Source: The Sentencing Project

 

The racial implications of felon disenfranchisement have obvious political overtones: People of color lopsidedly favor Democrats, and many states who limit felons’ voting rights are in deep-red Appalachia and the Deep South. But the issue isn’t neatly partisan. Massachusetts voters (not famed for conservatism) amended the state constitution in 2000 to disenfranchise incarcerated felons, and in 1997, then-Texas Governor George W. Bush signed a law “eliminating the two-year waiting period after completion of sentence before individuals can regain their right to vote.”

But partisan or not, the issue is absolutely political — politicians across the country and on both sides of the aisle have for decades campaigned to appear “tough on crime,” although the issue has certainly waned as crime has plummeted from its peak in the mid-1990s. We are, however, witnessing a resurgence of anti-crime posturing, albeit with vintage language: the president campaigned during the 2016 cycle about restoring “law and order” — a perhaps unwitting use of rhetoric favored by Richard Nixon in the late 1960s — rather than regurgitating the Reagan/Clinton era lexicon. Much of the impetus for felon disenfranchisement policies has involved political calculations that being “tough on crime” had good optics, and disenfranchising felons offered politicians a way to appear grave and resolute about punishing criminals without escalating the already draconian mandatory minimums and exceptionally long sentences increasingly being enacted.

Irrespective of politics, however, states’ handling of felon voting rights is, from a legal perspective, exceptionally arbitrary and somewhat constitutionally dubious. Alabama, for instance, includes sodomy and possession of marijuana under its definition of “moral turpitude” for which felons are disenfranchised. But it also includes murder, manslaughter, and rape. Implicitly, Alabama law conflates the severity of minor drug convictions with first-degree murder, an absurd equivalency which highlights pervasive arbitrariness in such laws.

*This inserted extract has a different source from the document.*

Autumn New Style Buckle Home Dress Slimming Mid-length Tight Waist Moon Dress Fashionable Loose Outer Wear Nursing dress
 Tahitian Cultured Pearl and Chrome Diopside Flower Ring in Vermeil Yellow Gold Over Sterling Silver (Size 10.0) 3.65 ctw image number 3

In contemporary debate, defenders of felon disenfranchisement laws will note that in some states (albeit mostly those with the smallest black populations), the felon population largely comprises older white men — a largely conservative demographic. They argue that if some states are disenfranchising likely Republican voters — and moreover, predominantly white voters – that the system cannot possibly be racist or biased against Democrats. By contrast, liberals respond that voters of color are nonetheless disproportionately incarcerated, even if they represent a minority of disenfranchised voters. And progressives also contend that in addition to being anti-Democratic, felon disenfranchisement is also deeply anti-democratic.

Perhaps some convicted of felonies — those guilty of extremely violent crimes, for instance — have truly gone beyond the pale. But most of those people will walk free again. They will hope to lead normal lives. They will hope to atone and be forgiven. And they will want to be part of a society that now appears to want no part of them. In short, they will be at the mercy of a merciless nation – one which favors punishment over restraint, where the “justice” system has reinvented injustice.

If America is to remain the land of the free — the birthplace of modern democracy — it behooves us to choose rehabilitation rather than retribution. If they have served their time, people deserve to participate. If they have not harmed others, former felons should regain the franchise. Certain crimes — murder, terrorism, treason — may trespass too severely on our morals. But most Americans who are locked up should not be locked out of democracy — especially not its most profound and precious civic duty.